Size of base train dataset is: 7065333
Size of cleaned train dataset is: 5233280


### Stemming the data:

In [17]:
re_word = re.compile(r"^\w+$")
stemmer = SnowballStemmer("english")

stem_word: Callable[[str], str] = lambda w : stemmer.stem(w.lower()) if re_word.match(w) else w

In [18]:
stemmed_train_dataset = train_dataset.copy()
stemmed_train_dataset['word'] = stemmed_train_dataset['word'].map(stem_word)
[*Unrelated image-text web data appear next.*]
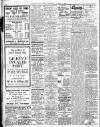 Belfast News-Letter Saturday 07 January 1922 Page 4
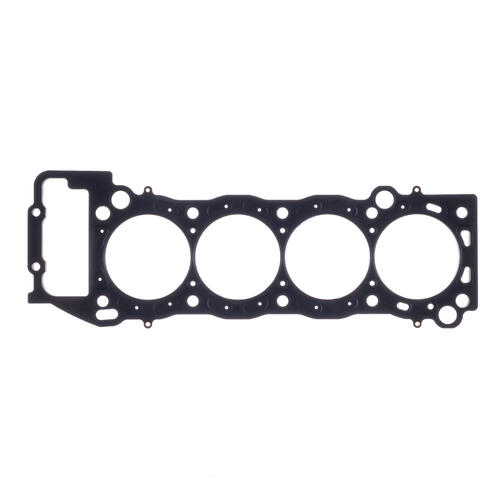 Cometic Gasket, Toyota 2RZ-FE/3RZ-FE .060" MLS Cylinder Head Gasket, 96mm Bore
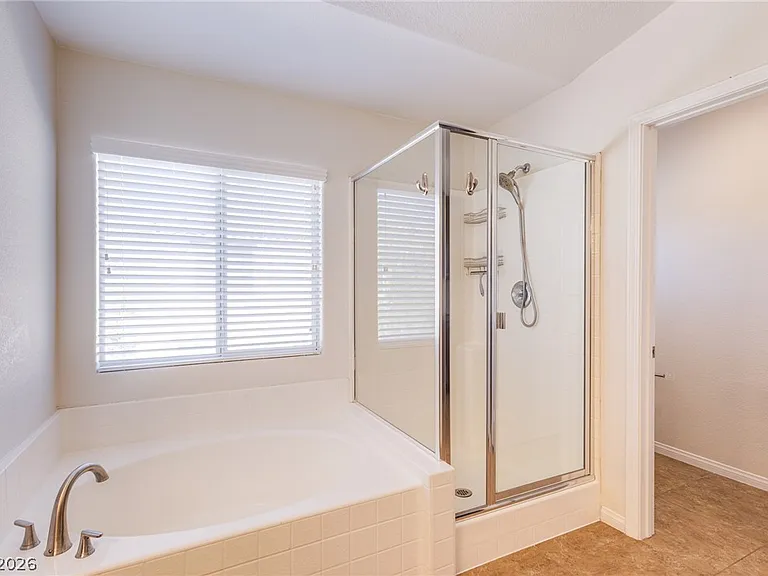 4028 Little Bend Ln — Photo 44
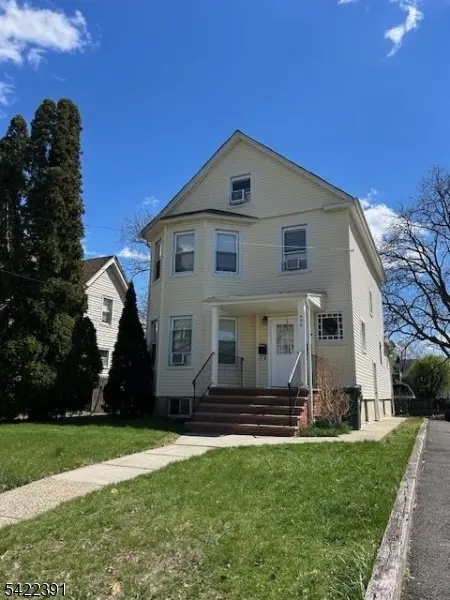 429 W Broad St #1, Westfield Town, NJ 07090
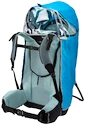 Regenmantel für Rucksack Thule Sapling Raincover Blue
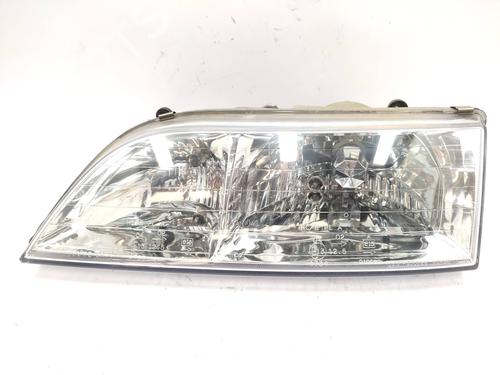 Used Left headlight DAEWOO ARANOS 1.8 (95 hp) 29355991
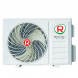 Royal Clima RC-AN22HN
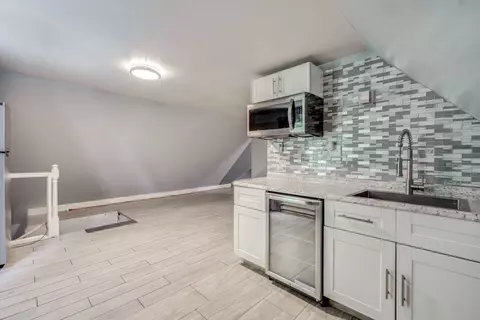 Other - 150-152 Leyfred Ter, Springfield, MA 01108 photo 7 of 19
''' Let's see what stemming does: '''
stemmed_train_dataset.head()

Unnamed: 0,word,label
0,bromwel,1
1,high,1
2,is,1
3,a,1
4,cartoon,1


In [19]:
stemmed_test_dataset = test_dataset.copy()
stemmed_test_dataset['word'] = stemmed_test_dataset['word'].map(stem_word)

In [20]:
stemmed_vocabulary = stemmed_train_dataset['word'].factorize()[1]

### Lemmatizing the data:

Firstly, we need to download the english model of Spacy lemmatization...

In [21]:
!python -m spacy download en_core_web_sm > output_dl.txt

In [22]:
''' loading the small English model '''
nlp = spacy.load("en_core_web_sm")

In [23]:
%%time

lemmed_train_dataset = []

for entry in imdb['train']:
    for token in nlp(entry['text']):
        lemmed_train_dataset += [[token.lemma_, entry['label']]]

lemmed_train_dataset = pd.DataFrame(lemmed_train_dataset, columns=['word', 'label'])


''' Let's see what stemming does: '''
lemmed_train_dataset.head()

CPU times: user 10min 53s, sys: 746 ms, total: 10min 54s
Wall time: 10min 55s


Unnamed: 0,word,label
0,Bromwell,1
1,High,1
2,be,1
3,a,1
4,cartoon,1


In [24]:
lemmed_test_dataset = []

for entry in imdb['test']:
    for token in nlp(entry['text']):
        lemmed_test_dataset += [[token.lemma_, entry['label']]]

lemmed_test_dataset = pd.DataFrame(lemmed_test_dataset, columns=['word', 'label'])

In [25]:
lemmed_vocabulary = lemmed_train_dataset['word'].factorize()[1]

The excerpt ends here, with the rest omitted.